• [Goal of the exercise]: Please output the records below word for word and omit the pictures.
_____
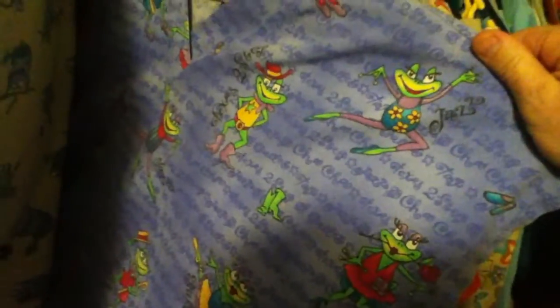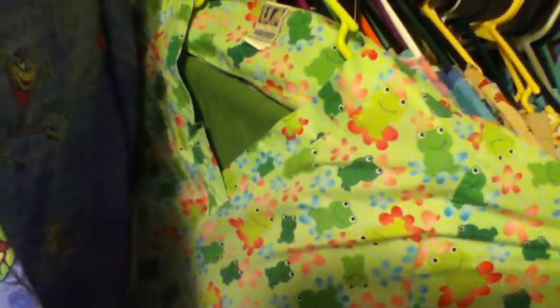Alright, this frog one has pants. Looks like teal pants with it. Here's another frog one. This green frog one has pants.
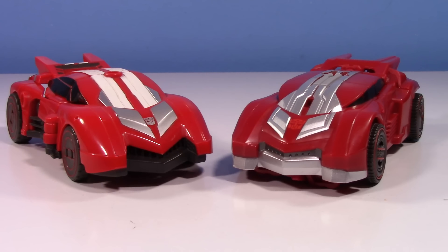Every once in a while I start an old versus new in alt mode instead of robot mode, usually for one of two reasons. Number one would be the transformation is too complex for me to really want to show the robot to vehicle mode version, or in this instance the differences between the robot modes are so drastic that you just have to wait a little bit to see it.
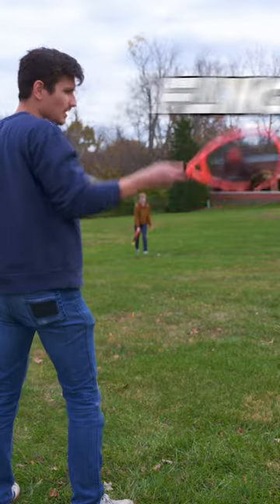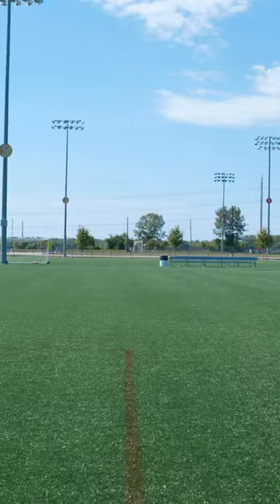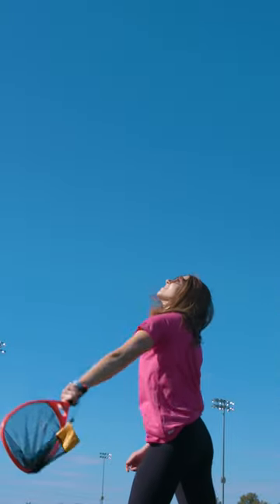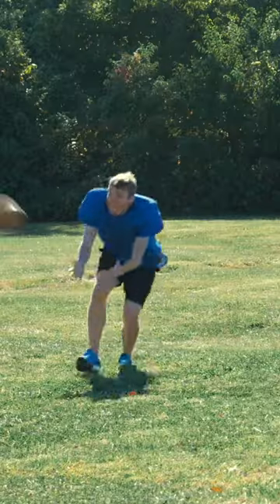Chuck a ball over 70 yards with Flingo. Ditch the old ball and glove and expand your game of catch over half a football field. Capture the ball and use your net to catapult it back to your partner. The open-ended net design will send your ball soaring further than a football throw with half the effort.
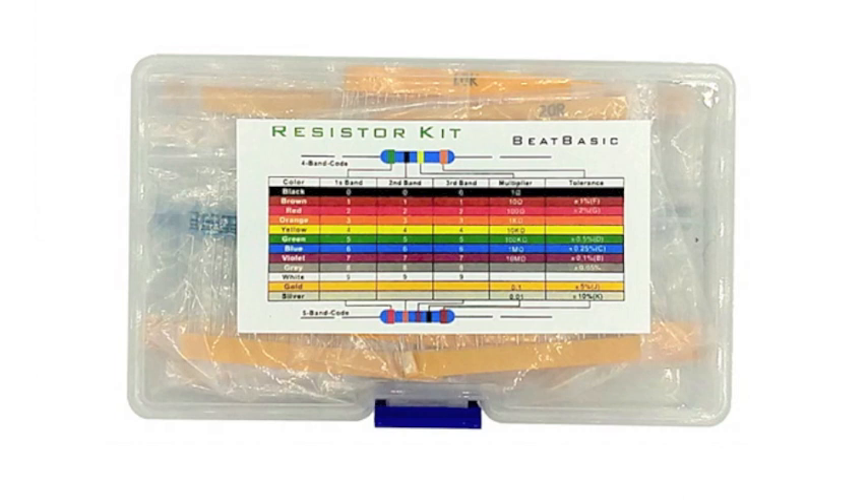We also have a very useful collection of axial lead resistors to add to your supply stores. There are 18 different values here — it totals around 575 different resistors — so that should keep your resistor supply stocked for quite a while.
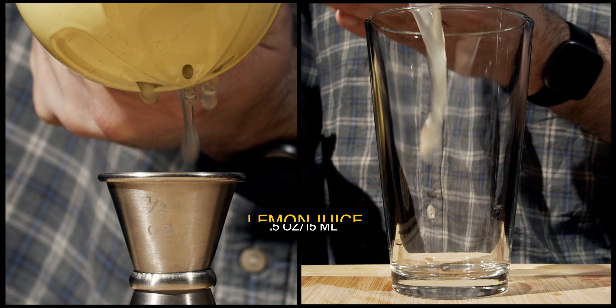Next we're going to add a little bit of Angostura bitters — we need one dash. It appears I'm literally all out of bitters; I got just enough out of there for a dash — time to go buy another bottle. Next we're going to add some banana liqueur. I'm using McGinnis brand banana liqueur; use what you have or what you can get hold of. We need half an ounce or 15 milliliters.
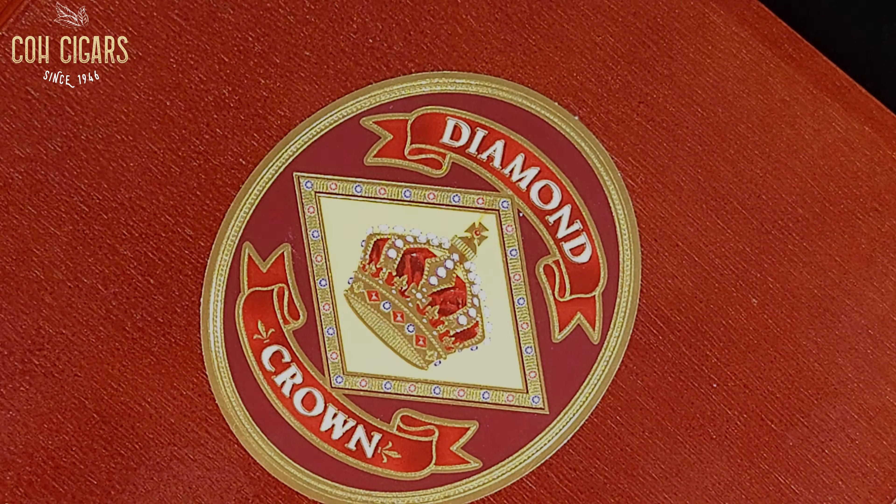Here it is: Diamond Crown Figurado Number Six. The cigar is made with a special Connecticut shade wrapper that is grown under unique conditions to produce a smooth and creamy flavor. The binder and filler tobaccos are a blend of aged Dominican tobaccos that provide a rich and complex flavor profile.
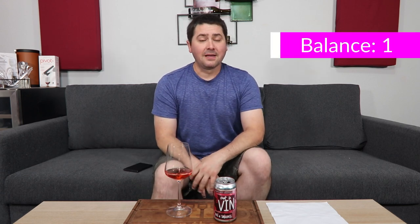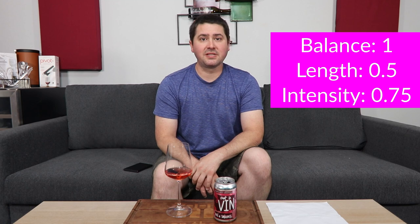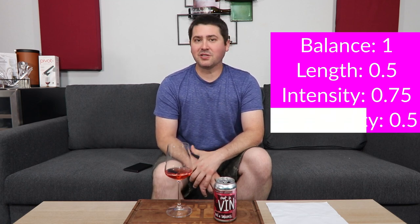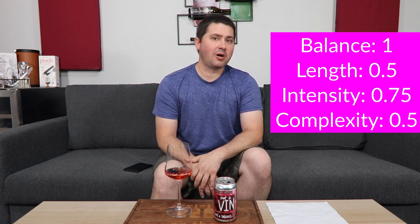How does it rate? We don't know until we get to the BLIC. From a balance standpoint: full point. Length: medium finish, half a point. Intensity: medium plus on the nose, medium plus on the palate, so 0.75. And in terms of complexity: I'm going to give you only half a point here. Don't expect tertiary notes — I am getting some primary elements, but no secondary characteristics, so you're capped at half a point.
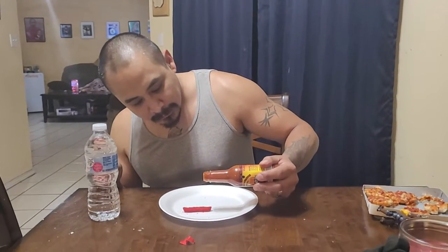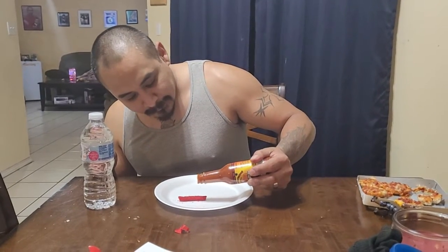Oh my god, we've got to open it first. Oh my goodness, that's too much. Holy moly. Okay. You know what, I don't care. You know what I mean? Mmm.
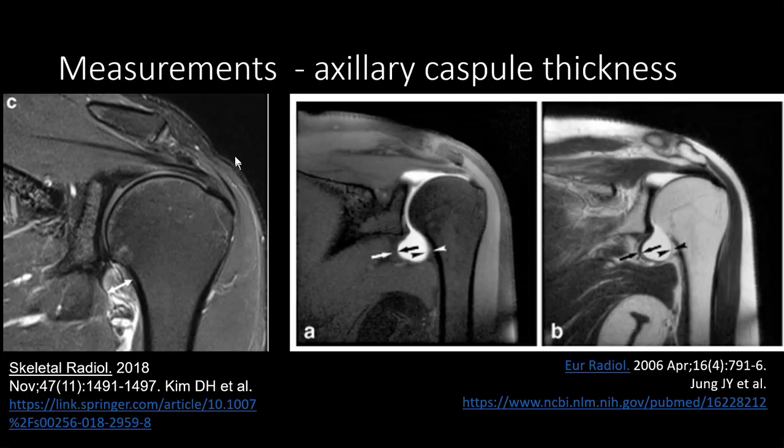You have to be careful when measuring the axillary capsule thickness because there are two ways to measure it. Some use both parts of the recess together, as in a 2018 publication, while others use just one side. Typically the cutoff value is three to four millimeters, and if higher it may be consistent with frozen shoulder.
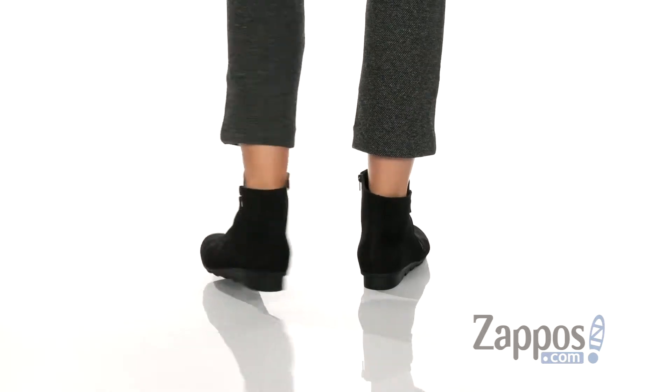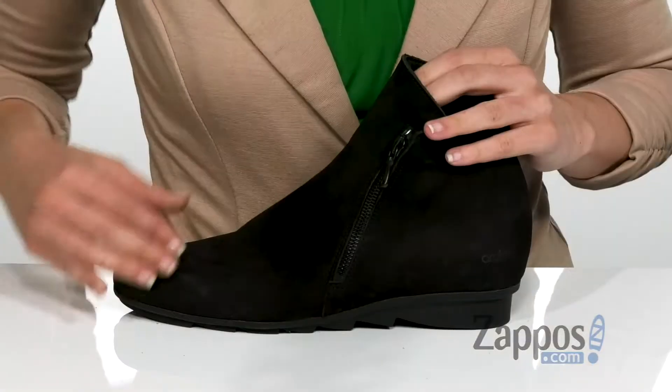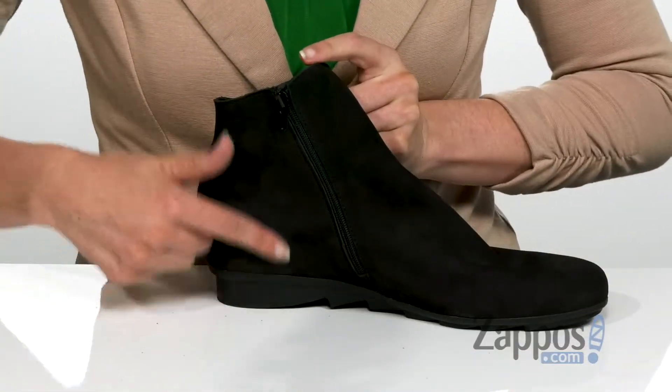This ankle boot has a soft suede leather upper which gives it a luxurious look to the overall style of the boot. It does have zippers on both sides so that is going to help with the on and off.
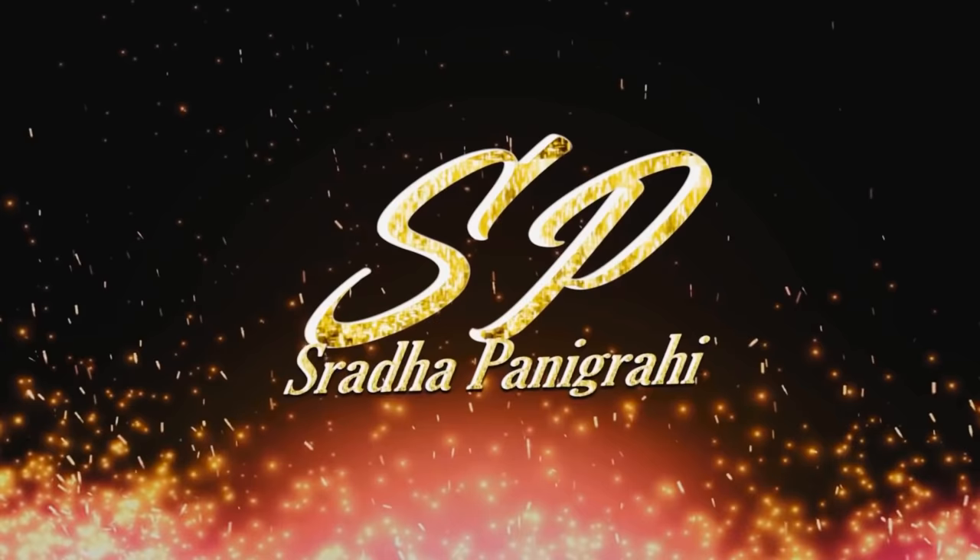Hello! Hi! Namaskar! Welcome to my YouTube channel Shraddha Panigrahi. This is a makeup tutorial video for beginners who want to learn makeup or try makeup.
_____
• [Exercise output]:
Alright, this frog one has pants. Looks like teal pants with it. Here's another frog one. This green frog one has pants.
Every once in a while I start an old versus new in alt mode instead of robot mode, usually for one of two reasons. Number one would be the transformation is too complex for me to really want to show the robot to vehicle mode version, or in this instance the differences between the robot modes are so drastic that you just have to wait a little bit to see it.
Chuck a ball over 70 yards with Flingo. Ditch the old ball and glove and expand your game of catch over half a football field. Capture the ball and use your net to catapult it back to your partner. The open-ended net design will send your ball soaring further than a football throw with half the effort.
We also have a very useful collection of axial lead resistors to add to your supply stores. There are 18 different values here — it totals around 575 different resistors — so that should keep your resistor supply stocked for quite a while.
Next we're going to add a little bit of Angostura bitters — we need one dash. It appears I'm literally all out of bitters; I got just enough out of there for a dash — time to go buy another bottle. Next we're going to add some banana liqueur. I'm using McGinnis brand banana liqueur; use what you have or what you can get hold of. We need half an ounce or 15 milliliters.
Here it is: Diamond Crown Figurado Number Six. The cigar is made with a special Connecticut shade wrapper that is grown under unique conditions to produce a smooth and creamy flavor. The binder and filler tobaccos are a blend of aged Dominican tobaccos that provide a rich and complex flavor profile.
How does it rate? We don't know until we get to the BLIC. From a balance standpoint: full point. Length: medium finish, half a point. Intensity: medium plus on the nose, medium plus on the palate, so 0.75. And in terms of complexity: I'm going to give you only half a point here. Don't expect tertiary notes — I am getting some primary elements, but no secondary characteristics, so you're capped at half a point.
Oh my god, we've got to open it first. Oh my goodness, that's too much. Holy moly. Okay. You know what, I don't care. You know what I mean? Mmm.
You have to be careful when measuring the axillary capsule thickness because there are two ways to measure it. Some use both parts of the recess together, as in a 2018 publication, while others use just one side. Typically the cutoff value is three to four millimeters, and if higher it may be consistent with frozen shoulder.
This ankle boot has a soft suede leather upper which gives it a luxurious look to the overall style of the boot. It does have zippers on both sides so that is going to help with the on and off.
Hello! Hi! Namaskar! Welcome to my YouTube channel Shraddha Panigrahi. This is a makeup tutorial video for beginners who want to learn makeup or try makeup.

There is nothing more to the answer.